At the same time, both the FA and the government insist that fans without tickets should not travel to France, and have refused to fund the FSA fan embassies, which have proved their worth at previous tournaments. As fan organisations have wearily pointed out, all the available evidence suggests that the more England fans travel to foreign parts, the more the hardcore hooligan element is diluted and a more congenial atmosphere encouraged. The French tourist board and the various host cities which have been busily planning fan-friendly events could be excused for feeling a bit miffed that their well-meaning (and completely sensible) efforts have been so frostily rebuffed.

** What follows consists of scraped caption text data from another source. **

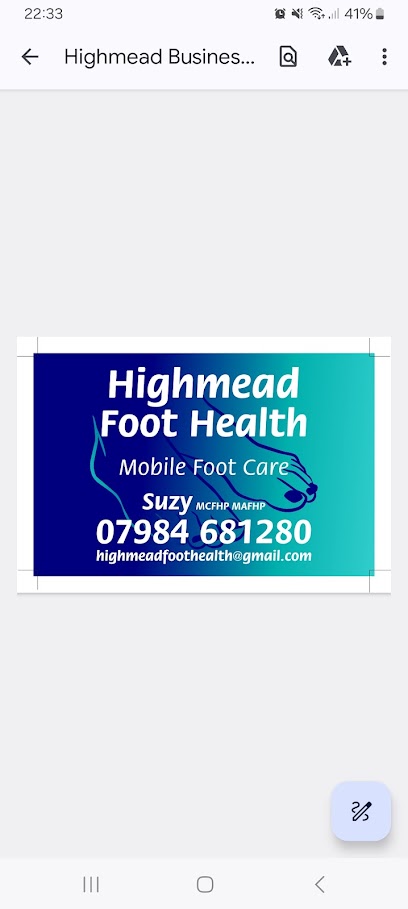 profile picture of Highmead Foot Health profile picture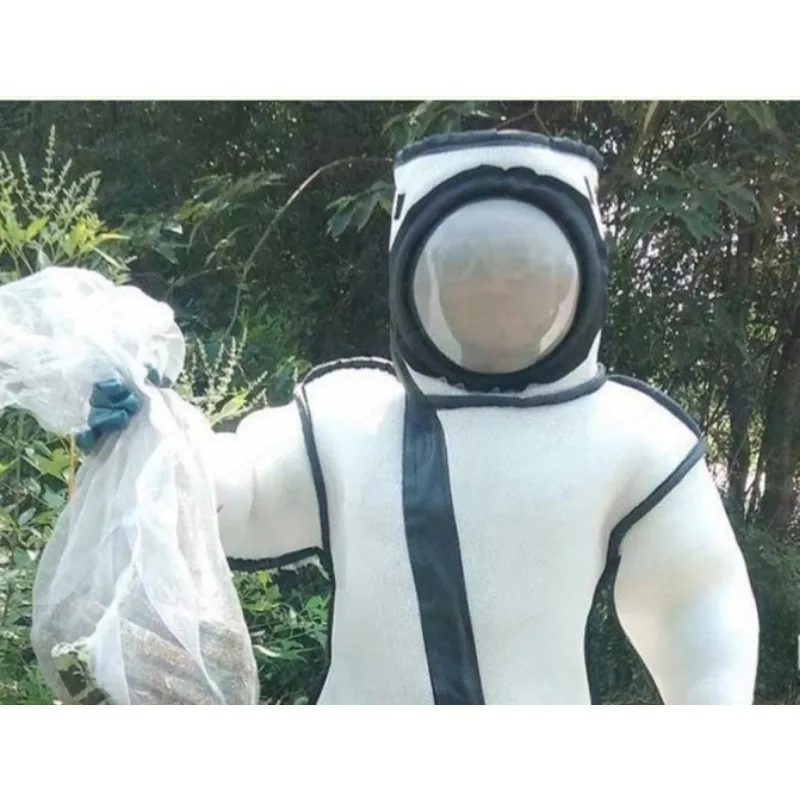 Catching Tiger Head Bees Whole Body Protective Clothing Hornet  Anti Hornet Clothing 2024 Upgraded Convex Face Mask Breathable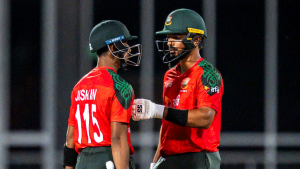 জিসানের ফিফটি ও আফিফের ঝড়ে ‘এ’ দলের ভালো পুঁজি 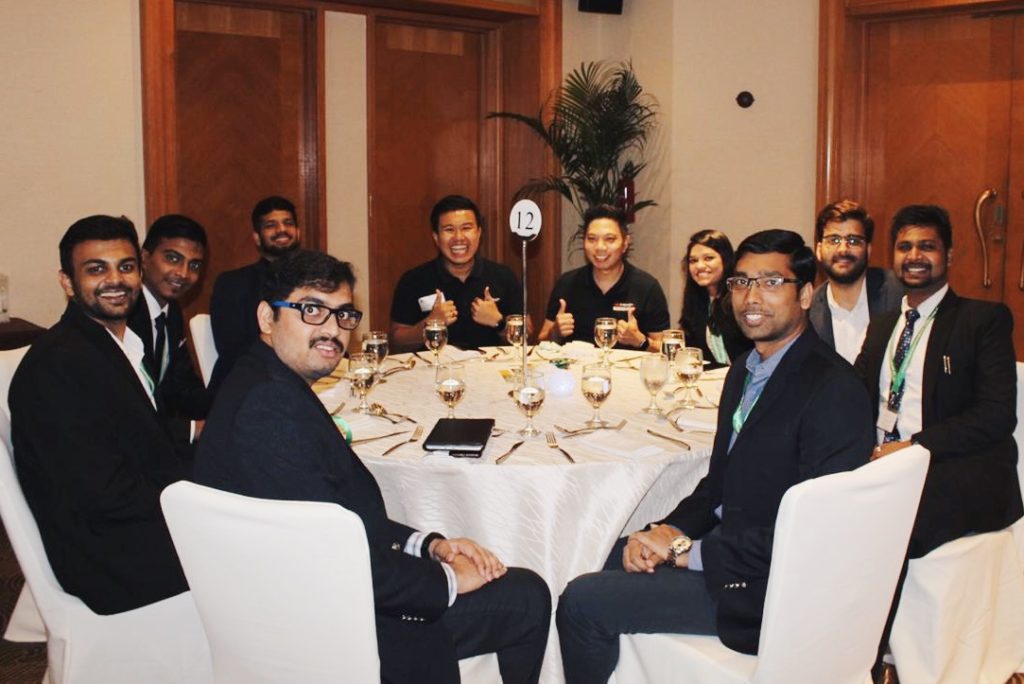 We were invited to the Corporate Partner Meet hosted by SP Jain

Whereas in past tournaments – most notably Italia ’90 – England fans have become used to being cast primarily as hooligans, the ticketing row and other pre-World Cup publicity has revealed a more complex, but not necessarily more healthy, situation this time around. Now that football is chic, everyone wants to be seen to be identifying with the fans, or at least with a certain type of fan. Hence the official stance on tickets, the unrelenting boorishness of adverts aimed at the football market (Carling’s recalls Euro 96 and “the day we stuffed the Dutch”) and the industry which has been built up around nostalgia for the violence of the past – witness the recent crop of reactionary garbage presented as football fiction by major publishers.
The worst-case scenario is that many ticketless England fans will heed the FA’s advice not to travel, but many more will not, and among those will be those most likely to cause trouble. If they fail to secure tickets (or perhaps if England simply do badly), it’s all too easy to imagine antagonism towards their French hosts, so carelessly vilified by authorities and media alike, turning into real violence.
English-French enmity in soundbites from politicians is one thing, but something entirely different if it comes to French riot police and England fans squaring up. “The day we stuffed the CRS” may not have quite the same appeal to Carling’s marketing executives. Which way the politicians jump then will be intriguing. Will it be David Mellor renewing his diatribes against incompetent foreigners? Or will it be Jack Straw urging the deportation of anyone in France wearing an England shirt but unable to produce a ticket to the next match?
The boys are waiting. And it promises to make grisly viewing.